RCRT: Rate-Controlled Reliable Transport Protocol for Wireless Sensor Networks

The paper talks about a protocol that is built for applications that require the transport of high-rate data and which have got a little attention so far. But there are problems in supporting these applications which are limited radio bandwidth and these applications being loss-intolerant. The application data might be compressed to reduce bandwidth requirements but still they require reliable delivery. The protocols like these which handle voluminous data are normally seen to result in poor network performance just because of the volume of data they handle. An experiment performed is Los Angeles is cited as an example of this in the paper. This is just because of congestion as the design for such protocols is not carefully handled. Congestion in the network can lead to serious latency and eventually will lead to packet losses.

RCRT protocol is different than the already existing protocols as all the protocols studied so far either deal with one of the two issues but not both of them. The two issues being end-to-end delivery and congestion control. It seems strange to study this fact as both of these issues seem interlinked to give out a good network performance. RCRT protocol also demands the network to be able to support multiple concurrent streams from each sensor node as this seems to be the future which will make this protocol to be used widely. RCRT protocol also separates the capacity allocation policy to each node from the underlying transport mechanisms which makes this protocol to stand out.

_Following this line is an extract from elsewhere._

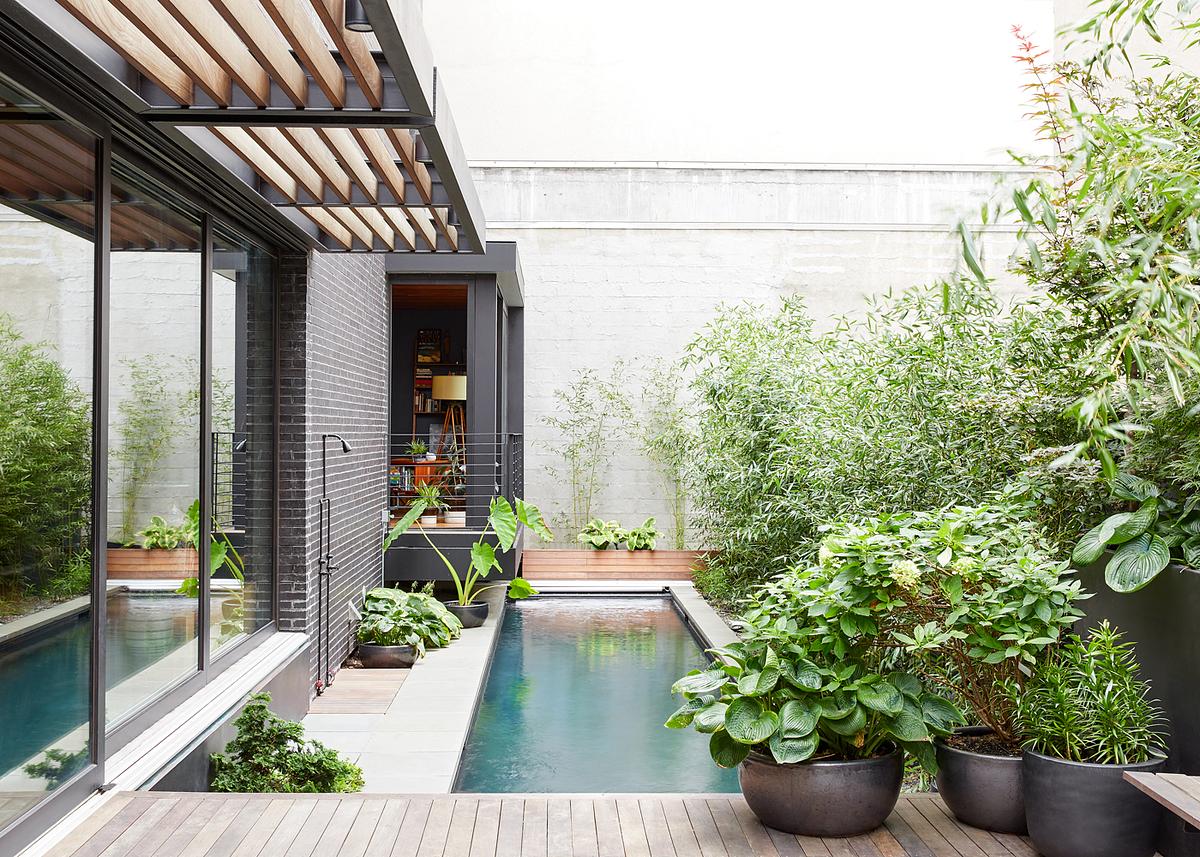 SLIVER POOL 1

End-to-end delivery of data and avoiding congestion control are the two basic features of this protocol. The entire protocol revolves around the sink which is the destination, also discovers the missing packets and explicitly requests them form the sensors. Sink decides that the network is congested if the time to repair a loss is significantly higher than a round-trip time. There are six goals which motivate the design of RCRT protocol which are Reliable end-to-end transmission, Network efficiency, support for concurrent applications, flexibility, minimal sensor functionality and robustness.

Three distinct Components which make RCRT different from other protocols are the Congestion detection component, Rate adaptation component and Rate Allocation component. End-to-End Reliability is one of the main features of RCRT and is implemented with the use of NACKs (Negative Acknowledgements). The design of RCRT protocol leverages the fact that the sink has enough memory to keep the track of all missing packets. The sink keeps track of sequence number of received packets and a gap in this sequence number indicates packet loss. NACKs ( which avoid ACK implosion and thus reduces overhead) are used to indicate the respective sensor node of the loss of packets. The source node overwrites its retransmit buffer once it receives cumulative ACKs in the feedback packet. The sink also maintains a list of out-of-order packets for each flow to provide in-order delivery of data packets to the application.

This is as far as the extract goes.